#### [Exercise details]
Print the whole listing exactly as it appears, but skip the pictures.

#### [Supplied material]

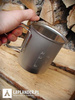 Titanium Pot Mug - Snow Peak Titanium Trek 700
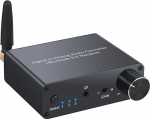 LiNKFOR Digitaalne analoog audiomuundur 192 kHz Bluetooth DAC koos k&otilde;rvaklappide v&otilde;imendiga koos DAC toiteallikaga koos Bluetooth vastuv&otilde;tjaga V5.0 D/A adapter koos optilise kaabli ja koaksiaalkaabliga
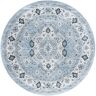 SAFAVIEH Isabella Blue/Cream 7 ft. x 7 ft. Floral Medallion Round Area Rug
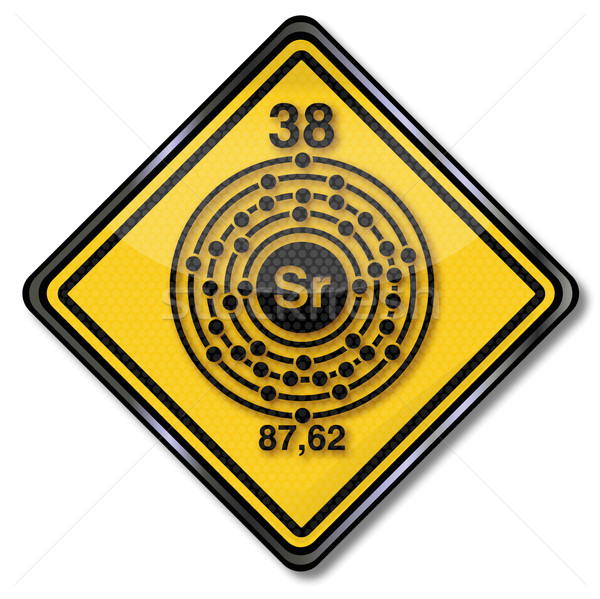 Sign chemistry character strontium Stock photo © Ustofre9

#### [Completed task]
 Titanium Pot Mug - Snow Peak Titanium Trek 700
 LiNKFOR Digitaalne analoog audiomuundur 192 kHz Bluetooth DAC koos k&otilde;rvaklappide v&otilde;imendiga koos DAC toiteallikaga koos Bluetooth vastuv&otilde;tjaga V5.0 D/A adapter koos optilise kaabli ja koaksiaalkaabliga
 SAFAVIEH Isabella Blue/Cream 7 ft. x 7 ft. Floral Medallion Round Area Rug
 Sign chemistry character strontium Stock photo © Ustofre9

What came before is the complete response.